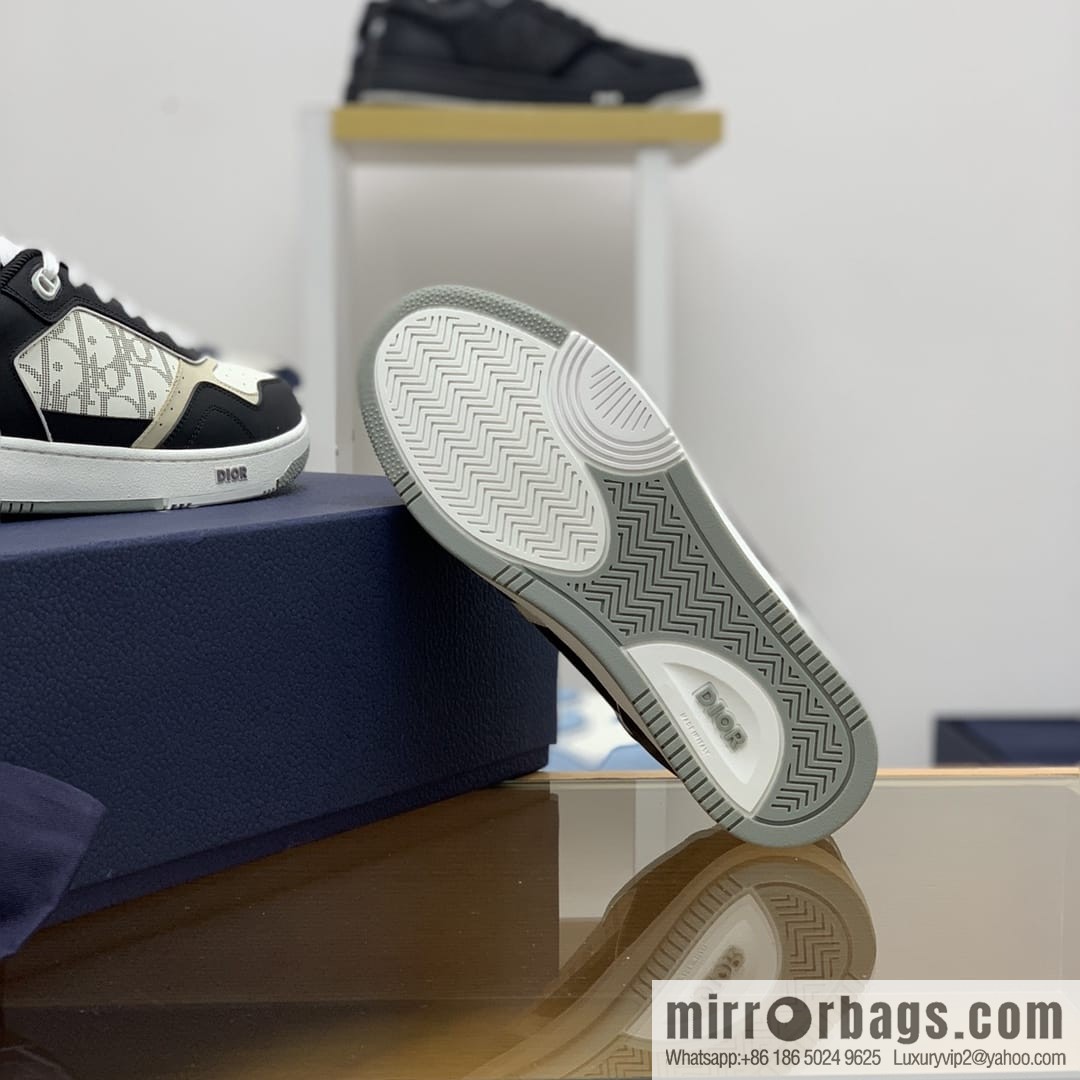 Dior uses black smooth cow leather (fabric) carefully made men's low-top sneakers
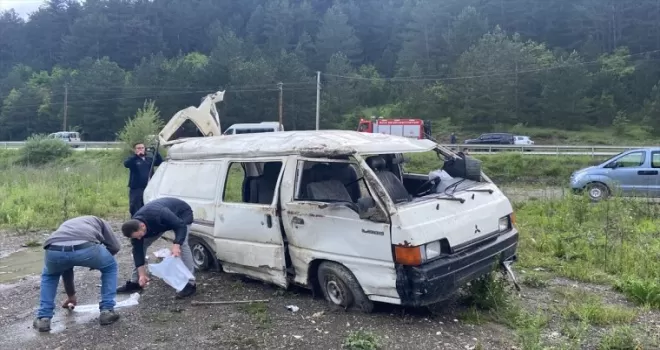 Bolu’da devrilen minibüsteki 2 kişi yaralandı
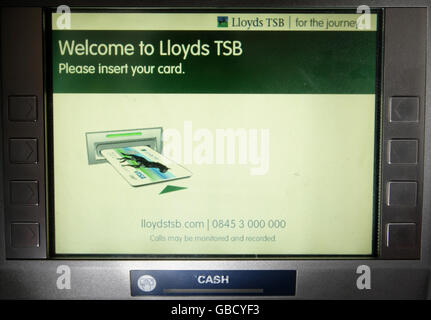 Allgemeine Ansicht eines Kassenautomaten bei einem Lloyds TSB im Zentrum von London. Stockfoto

Work required :: None of the pictures should appear, though every line of the data above must be reproduced exactly.

Solution for this task ::
 Dior uses black smooth cow leather (fabric) carefully made men's low-top sneakers
 Bolu’da devrilen minibüsteki 2 kişi yaralandı
 Allgemeine Ansicht eines Kassenautomaten bei einem Lloyds TSB im Zentrum von London. Stockfoto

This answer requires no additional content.